It should be readily apparent that manual cleaning of a mixing drum is tedious, and furthermore, poses significant risk of injury to the worker. The worker may be injured while entering or exiting the drum, which requires a ladder or similar means, or from slipping or falling on the wet surfaces in the drum. Injury may also be caused by loosened pieces of concrete which can fall from the upper surfaces in the drum. In addition, it is noisy in the drum during the cleaning operation as a jackhammer, sledge hammer or similar device is typically used to beat the concrete off of the interior surfaces.

Accordingly, the present invention is directed to overcoming the shortcomings of prior art systems.

SUMMARY OF THE INVENTION

The subject invention overcomes the shortcoming of the prior art by providing, among other things, a means or device disposed within the drum along at least one of the surfaces of the helical flight for preventing the accumulation of concrete thereon.

In particular, the subject invention provides a concrete delivery truck including a chassis, mixing drum rotatably associated with the chassis and a helical flight extending along the interior surface of the mixing drum for delivering concrete to the open end of the drum. The helical flight has opposed side surfaces and opposed radially inner and radially outer ends with respect to the axis of rotation of the drum. The radially outer end of the helical flight combines with the interior surface of the cavity so as to define opposed radially outer convergence zones adjacent the opposed side surfaces of the helical flight. The subject invention further includes a means or device disposed within at least one, but preferably both, of these opposed radially outer convergence zones which prevents the accumulation of concrete therein.

In one embodiment of a truck constructed or retrofitted in accordance with the subject invention, the means disposed within at least one of the opposed radially outer convergence zones for preventing the accumulation of concrete therein includes an expandable membrane extending across the opposed outer convergence zone from the adjacent side surface of the flight to the interior surface of the drum and an expandable conduit disposed beneath the membrane in the convergence zone. The membrane may be fabricated of any suitable elastomer, and secured to an adjacent side surface of the flight and the interior surface of the drum by way of adhesives or by using fasteners. The membrane and conduit are configured to move between an unexpanded position and an expanded position to dislodge concrete accumulated thereon during rotation of the drum.

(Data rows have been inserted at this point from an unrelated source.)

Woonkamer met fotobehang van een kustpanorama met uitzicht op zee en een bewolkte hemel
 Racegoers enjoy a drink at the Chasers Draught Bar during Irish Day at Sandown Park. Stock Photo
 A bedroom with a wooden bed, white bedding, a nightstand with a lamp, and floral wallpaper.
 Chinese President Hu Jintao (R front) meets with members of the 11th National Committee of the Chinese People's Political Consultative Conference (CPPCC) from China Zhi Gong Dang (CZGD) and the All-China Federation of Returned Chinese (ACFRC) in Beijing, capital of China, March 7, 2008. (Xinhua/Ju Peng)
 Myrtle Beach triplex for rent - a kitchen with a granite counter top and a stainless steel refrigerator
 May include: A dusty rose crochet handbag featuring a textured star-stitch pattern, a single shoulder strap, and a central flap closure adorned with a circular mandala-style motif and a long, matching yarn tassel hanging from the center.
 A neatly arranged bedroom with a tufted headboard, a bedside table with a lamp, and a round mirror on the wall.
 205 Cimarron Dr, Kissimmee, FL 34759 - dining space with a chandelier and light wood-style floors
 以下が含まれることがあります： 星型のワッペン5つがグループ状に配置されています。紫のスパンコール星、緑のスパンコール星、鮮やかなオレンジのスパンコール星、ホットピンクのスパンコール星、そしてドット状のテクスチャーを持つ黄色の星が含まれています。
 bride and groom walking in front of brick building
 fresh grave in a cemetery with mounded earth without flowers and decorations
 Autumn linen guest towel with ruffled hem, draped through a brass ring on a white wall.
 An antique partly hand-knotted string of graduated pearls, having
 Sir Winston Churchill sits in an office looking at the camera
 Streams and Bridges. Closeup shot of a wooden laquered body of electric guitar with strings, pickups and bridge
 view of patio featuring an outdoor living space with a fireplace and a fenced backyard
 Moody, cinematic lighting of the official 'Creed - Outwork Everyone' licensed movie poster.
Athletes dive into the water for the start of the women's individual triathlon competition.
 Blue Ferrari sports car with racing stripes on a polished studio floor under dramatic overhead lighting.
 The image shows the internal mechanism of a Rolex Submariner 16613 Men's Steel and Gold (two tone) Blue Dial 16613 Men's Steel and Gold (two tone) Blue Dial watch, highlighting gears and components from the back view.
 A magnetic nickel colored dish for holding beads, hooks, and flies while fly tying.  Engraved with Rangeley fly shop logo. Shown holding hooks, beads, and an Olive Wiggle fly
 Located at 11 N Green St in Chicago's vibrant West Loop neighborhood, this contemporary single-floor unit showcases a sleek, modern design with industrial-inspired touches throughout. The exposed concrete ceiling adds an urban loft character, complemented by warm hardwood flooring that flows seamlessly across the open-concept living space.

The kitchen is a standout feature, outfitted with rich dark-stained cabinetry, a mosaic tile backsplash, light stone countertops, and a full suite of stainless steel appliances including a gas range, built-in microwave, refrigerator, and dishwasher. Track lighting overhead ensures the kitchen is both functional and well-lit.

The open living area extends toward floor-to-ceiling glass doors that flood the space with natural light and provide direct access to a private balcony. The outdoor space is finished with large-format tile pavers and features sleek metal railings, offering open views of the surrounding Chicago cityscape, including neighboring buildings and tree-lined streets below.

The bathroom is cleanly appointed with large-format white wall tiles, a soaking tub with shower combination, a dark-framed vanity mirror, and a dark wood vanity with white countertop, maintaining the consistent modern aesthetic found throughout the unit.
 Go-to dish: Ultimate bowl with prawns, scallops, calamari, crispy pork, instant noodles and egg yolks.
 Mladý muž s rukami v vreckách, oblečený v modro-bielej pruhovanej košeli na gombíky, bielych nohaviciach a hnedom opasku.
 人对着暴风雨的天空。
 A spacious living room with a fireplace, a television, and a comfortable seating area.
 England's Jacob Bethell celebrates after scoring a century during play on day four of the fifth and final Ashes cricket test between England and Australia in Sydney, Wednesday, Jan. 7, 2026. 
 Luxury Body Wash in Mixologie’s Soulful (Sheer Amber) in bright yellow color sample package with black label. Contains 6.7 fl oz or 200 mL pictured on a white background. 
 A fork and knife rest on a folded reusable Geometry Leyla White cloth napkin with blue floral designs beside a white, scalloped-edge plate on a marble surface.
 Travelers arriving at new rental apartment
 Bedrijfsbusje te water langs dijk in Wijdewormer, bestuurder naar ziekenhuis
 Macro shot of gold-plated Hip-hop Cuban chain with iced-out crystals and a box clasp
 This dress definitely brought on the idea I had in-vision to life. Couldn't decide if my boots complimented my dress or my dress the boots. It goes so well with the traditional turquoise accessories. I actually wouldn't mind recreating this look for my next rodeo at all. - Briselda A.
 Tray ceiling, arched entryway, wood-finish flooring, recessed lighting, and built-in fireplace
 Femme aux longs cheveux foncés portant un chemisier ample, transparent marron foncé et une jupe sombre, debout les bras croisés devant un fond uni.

In another embodiment of a truck in accordance with the subject invention, the means disposed within at least one of the opposed radially outer convergence zones for preventing the accumulation of concrete therein includes an expandable conduit configured to move between an unexpanded position and an expanded position to dislodge concrete accumulated thereon during rotation of the drum.

The flight may further include a fin at the radially inner end of the helical flight which defines opposed radially inner convergence zones between the fin and adjacent side surfaces of the flight. A further embodiment of the present invention discloses one or more fluid dispensing conduits disposed in the opposed radially inner convergence zones. The fluid dispensing conduits preferably include openings configured to dispense fluid in the general direction of a respective radially outer convergence zone.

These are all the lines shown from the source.